I think it’s about sound. I don't know if I could tell you a favorite song. But I could tell you a new favorite sound in a song, you know? Like the last song in Solange’s latest project.
TH: Yeah, When I Get Home.
DNM: I don't know if it's bass or whatever. The one that starts ‘“you can work through me”.
(Note - The song Morris is referring to is ‘I’m A Witness’)
All the notes of that beginning of that song, I literally can just replay the beginning of that song over and over and over again.
There's normally sounds that I get obsessed with, then I have to hear a song to get to that sound.
Gospel music is often like that. Yesterday I went back to Kirk Franklin’s ‘Rebirth,’ which is this one that plays a lot of sounds I like.
In the Dreamgirls soundtrack when they come back together at the end and they allow Jennifer Hudson's character to lead and Beyoncé and everybody's in the background. I love Beyoncé and Beyoncé came from Destiny’s Child, one of the greatest harmonizing groups. So, Beyoncé in harmony behind Jennifer in that and with Anika Noni Rose, that was mind blowing. And then Beyoncé ends it. Jennifer sounded so amazing they’re behind her ‘there…’ and then at the end, Beyoncé is that soprano and she's the last ‘there’ note in the song -- her voice is slightly above and it's just heaven.
TH: So, congratulations on your show Noplace at PPOW Gallery.
DNM: Yeah, that was a group show that Eden Deering curated.
TH: It looked beautiful. I looked through the installation photos online and the chair objects immediately caught my attention, which brings me to my next question and, is something that I have always wondered, what is the significance of chairs in your work?
DNM: I think it's about presence. In my last solo exhibition, which was Play Too Much at Company Gallery, the chairs were... I didn't know what they were. For 10 years I had just been acquiring them and had them all in my house, about 30 of them.
In old photographs of designers, in the ateliers, the fashion designers, they would have a room that was just full of chairs all along the wall, which was also an event space at the end of the night too.
So there are chairs along the wall, and they clear the center. I like something about that. So that was the first thing I was thinking about with selecting chairs.
Then over time I started to think about how humans behave with objects. We know how to socialize them. We say a chair, you think it's supposed to hold you up, you can sit in it, and sometimes it might help you or it might remind you of something or it can even feel like a presence, like a presence is there.
So when I put that grouping at Play Too Much in center, I remember feeling initially like it was a church. It was like church pews the first way I set it up.
I think I’m often trying to visualize transcendence. Some things can feel too grounded in the physical, like chairs.I was attracted to chairs, but then I started to move to other objects domestically.
In Noplace, the sculpture piece that has the three doors. I was thinking about a curtain. I was trying to have windows, they’re powerful because no matter what kind of place you’re in, you know that a window helps to see through to another place.

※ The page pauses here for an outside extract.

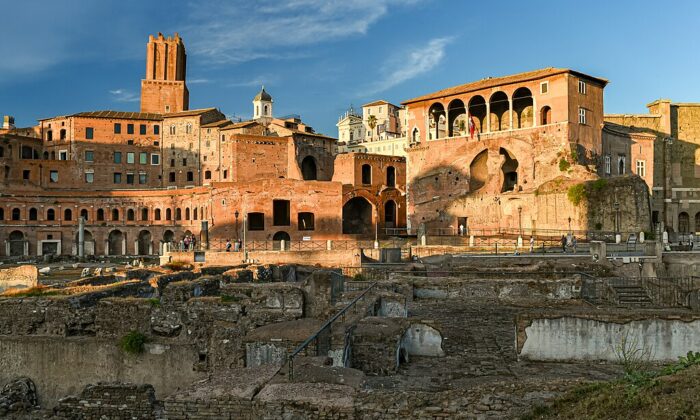 museo fori imperiali mercati di traiano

That other place sometimes being what you need to play, the imagination of that, the knowing that it's possible to be further than where you are. That means that you might be living within or like situated within at a moment, but that you're not limited to that.
And then the work I'm about to describe is the white chair within the heads of vases of lilies that kind of blossom and then die throughout the process of showing the work. I'm looking at that more as an alternative, there is a book that James Baldwin had collaborated on with Richard Avedon. And it's called, Nothing Personal. Personally, I'm not fully interested in the relationship with Richard and James, but I'm interested in that statement, ‘nothing personal.’
So the chair that's used in that space is white, and then the flowers are also white. The work is titled then strained to hear you hear you above the noise out there.
It’s a gated area, a gated off like living space, some kind of interior space with these exterior door objects.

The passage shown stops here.